• _Stored dataset items_
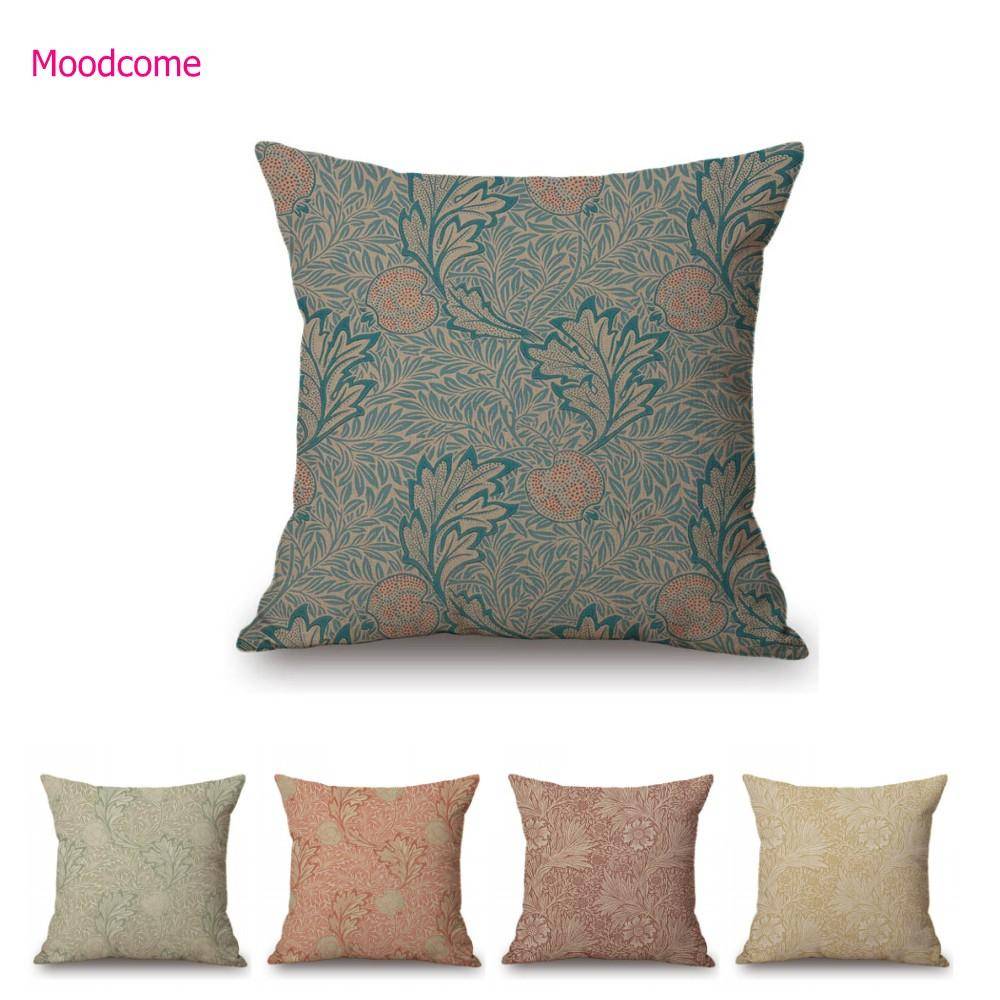 William Morris Klassiskt Blommönster Applicera Lagerblad Ringblomma Design Bomull Linne Dekorativ Soffkudde Kuddfodral Bilkudde Kuddfodral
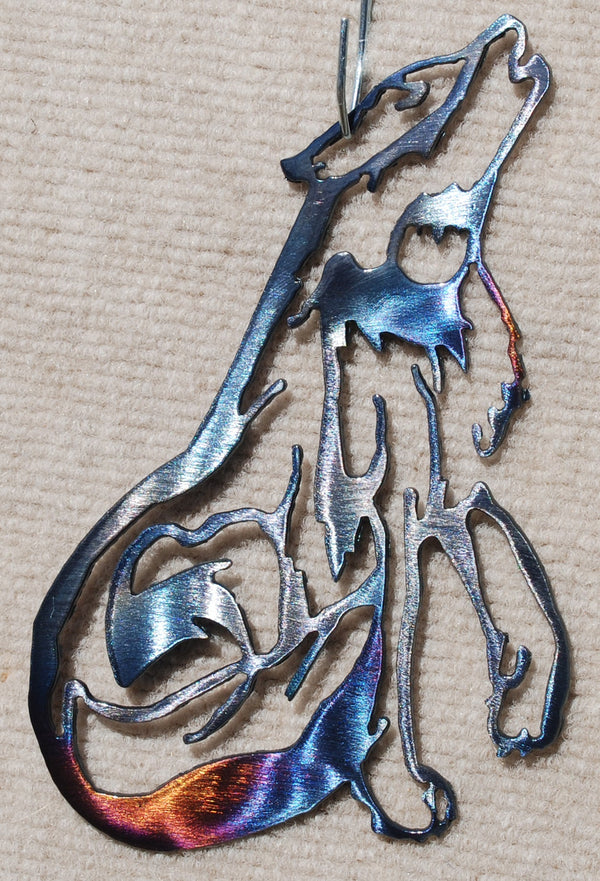 Wolf Sitting and Howling Cut Out Metal Art (#133)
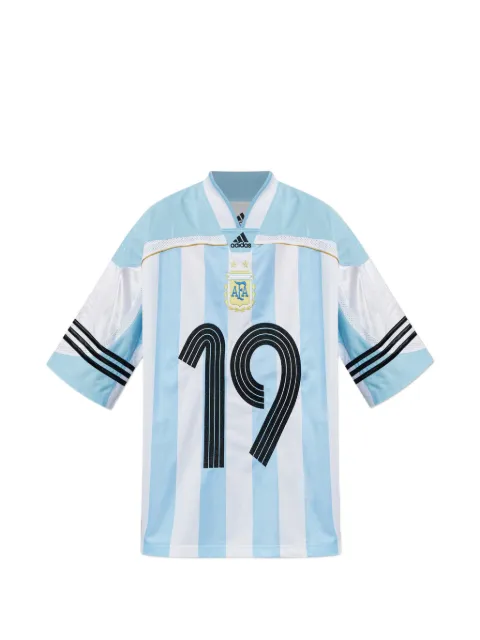 adidas striped v-neck T-shirt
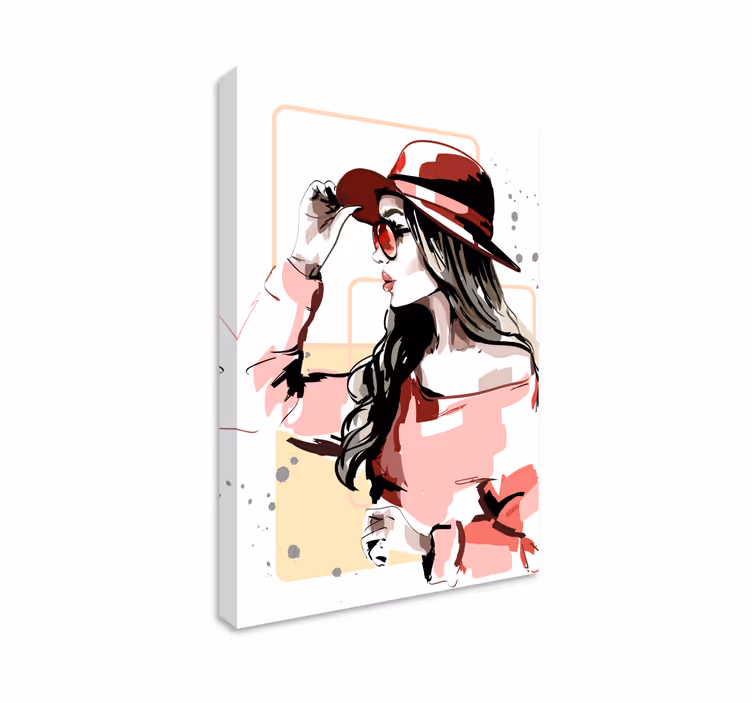 Tableau moderne illustration de modèle de femme moderne - TenStickers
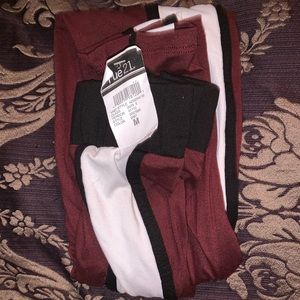 Burgundy,Black & White Striped High Rise Leggings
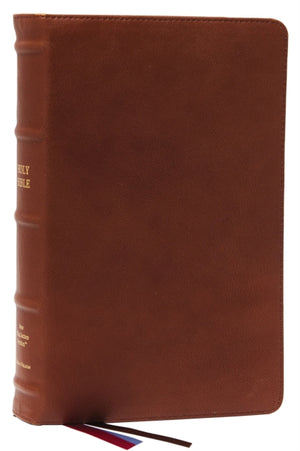 NKJV, End-of-Verse Reference Bible, Personal Size Large Print, Premium Goatskin Leather, Brown, Premier Collection, Red Letter, Comfort Print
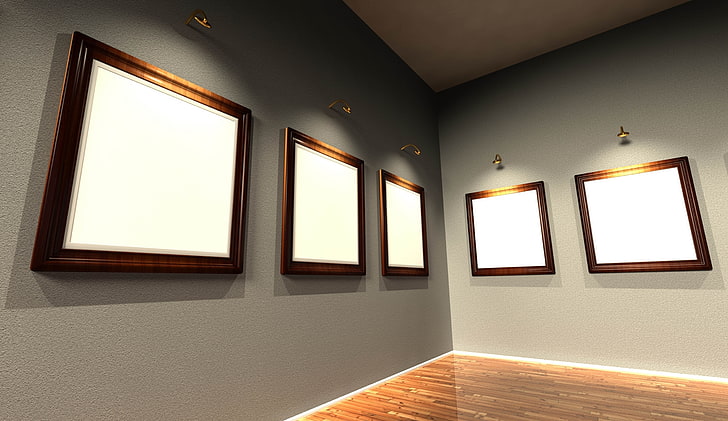 five brown wooden frames, gallery, room, photos, paintings, frames, wall, floor, HD wallpaper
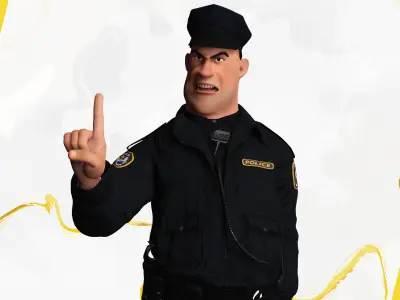 Rigged Police Officer Toon Character Toon Cop Low-poly 3D model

• _EXERCISE GOAL_
Set down the data above word for word, leaving every picture out.

• _EXERCISE RESPONSE_
 William Morris Klassiskt Blommönster Applicera Lagerblad Ringblomma Design Bomull Linne Dekorativ Soffkudde Kuddfodral Bilkudde Kuddfodral
 Wolf Sitting and Howling Cut Out Metal Art (#133)
 adidas striped v-neck T-shirt
 Tableau moderne illustration de modèle de femme moderne - TenStickers
 Burgundy,Black & White Striped High Rise Leggings
 NKJV, End-of-Verse Reference Bible, Personal Size Large Print, Premium Goatskin Leather, Brown, Premier Collection, Red Letter, Comfort Print
 five brown wooden frames, gallery, room, photos, paintings, frames, wall, floor, HD wallpaper
 Rigged Police Officer Toon Character Toon Cop Low-poly 3D model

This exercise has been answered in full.